In 2002, a non-bailable arrest warrant was issued for the arrest of Sobhana George, in the case of a forged intelligence report which was faxed to the then Chief Minister A. K. Antony's office, stating that the Tourism and Fisheries Minister in his government, K. V. Thomas, was involved in a 366 crore Hawala transaction which took place in 1999–2000. Also arrested in the case was Surya TV's reporter Anil Nambiar, who flashed the letter on the channel, and Anil Sreerangam, Sobana's private assistant. The arrests were the result of a probe, ordered by the Chief Minister. She was also issued a show cause notice by the KPCC Disciplinary Action Committee.

It was later on proved in court that Sobhana was a victim of groupism among the Congress Party. Sobhana George was framed in a false allegation by the opposition group in the Congress party as she was a strong supporter of the Karunakaran Group of Congress. The court ruled out this case as a purely fabricated case against Sobhana and the sole purpose for this case was revenge.

== Performing arts ==

In 2011, Sobhana introduced a music album called 'Ente Onam' which was released by Chengannur Audios. The music album was about the history of Onam and human values.

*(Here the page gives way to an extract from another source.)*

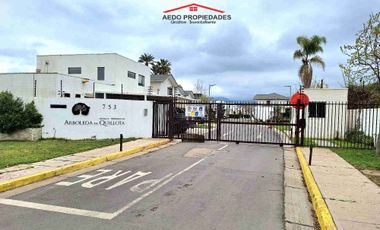 Se vende Linda y Amplia casa Aislada de dos pisos, Condominio Arboleda, comuna de Quilllota.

She also announced the release of a movie "Pratheekshayode". The movie is about child labor and has prominent actors such as Mukesh, Lakshmi Sharma and others. Sobhana George is the only woman in the Malayalam Film Industry to carry out the Production, Scriptwriting, Dialogue - Writing, Screenplay and acting, all together in a single movie.

In 2015, Sobhana George has her own place in the Guinness World Book of Records as the holder of the World's Largest Human Christmas Tree with Mission Chengennur. There were a total of 4030 people.